An Empirical Study of Exposure at Default

Michael Jacobs, Jr.[1]

Office of the Comptroller of the Currency

Draft: August 2008

J.E.L. Classification Codes: G33, G34, C25, C15, C52.

Keywords: Exposure at Default, Loan Equivalent Exposure, Recoveries, Default, Loss Given Default, Financial Distress, Bankruptcy, Restructuring, Credit Risk


Abstract

In this study we empirically investigate the determinants of and build a predictive econometric model for exposure at default (EAD) using a sample of defaulted firms having revolving credits, at one time having S&P or Moody’s rated debt. We extend prior empirical work (Araten et al 2001, Asarnow 1994) by considering alternative determinants (i.e., borrower accounting, industry / macroeconomic and debt / equity market determinants) of EAD risk, in addition to the traditional factors of credit rating, utilization and tenor. Various measures of EAD risk are derived and compared (the loan equivalent -LEQ, credit conversion -CCF and exposure at default -EADF factors). We build a multiple regression model in the generalized linear class for these and examine the comparative rank ordering and predictive accuracy properties of these measures, in which EADF (CCF) performs best (worst). We find weak evidence of counter-cyclicality in EAD. While we find EAD risk to decrease with default risk, with risk rating having some explanatory power, utilization has the strongest inverse relation. We also find EAD risk reduced for greater leverage, liquidity, more debt cushion; and increased for greater company size, higher collateral rank of the loan or more bank debt in the capital structure of the defaulted obligor. The models are validated rigorously through resampling experiment in a rolling out-of-time and out-of-sample experiment.
1. Introduction and Summary

Committed revolving credit facilities offer borrowers an option to draw funds up to specified limits as dictated by changing circumstances. A great interest in analyzing revolving lines of credit (or unfunded commitments) stems from the unique characteristics relative to other traditional credit or fixed income products, which have implications for pricing and credit risk management. Revolving lines appeal to a clientele of borrowers with particular financing strategies (e.g., working capital needs or CP backup for investment grade obligors).
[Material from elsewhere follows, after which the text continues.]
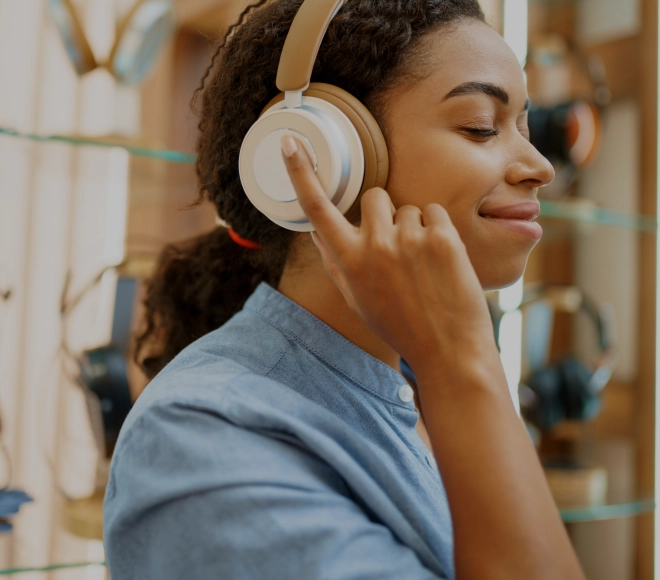 Woman wearing headphones with her eyes closed and smiling.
There is an attractive return profile from investor’s perspective, as interest and fees on the drawn, and annual fees on the undrawn amount, lead to a high all-in return on invested capital. There is the opportunity to invest in high quality borrowers not otherwise in the loan market. Finally, there is potential relief on regulatory capital relative to similar investments[2]. However, these instruments present a great challenge in valuation and risk management, as estimates of revolving credits facility’s expected usage at default of the borrower need to be formed. We term this quantity the exposure at default (EAD), or the loan equivalent exposure, and recognize this to be a key parameter in estimating expected loss and credit risk capital for unfunded commitments. A related quantity is the loan equivalency factor (LEQ), which is the proportion of the undrawn commitment that is drawn down upon in the event of default. Financial institutions have a great interest in estimating such quantities from their internal histories, to parameterize credit risk models, as well as to satisfy regulatory requirements[3]. In this study we shall build upon a limited practitioner literature (Asarnow and Marker [1995], Araten and Jacobs [2001]) by empirically estimating EADs from publicly available data, and relating these to a set of variables predictive of realized EAD.

As noted in the previous literature, there exists an adverse selection problem in the context of revolving commitments: if a borrower’s credit quality improves, the ability to pay down or negotiate better pricing increases, while when deteriorating there is the tendency to drawdown on the unused portion of the commitment. Various risk mitigants are often in place to cope with this. There are upfront fees to deter prepayment, not the practice for most other credit products. Covenants are often in place to obtain amendment fees or improved pricing if borrower’s credit quality worsens. Finally, step-up pricing, or higher undrawn (drawn) spreads fees for lower credit quality (increased usage), help deter this.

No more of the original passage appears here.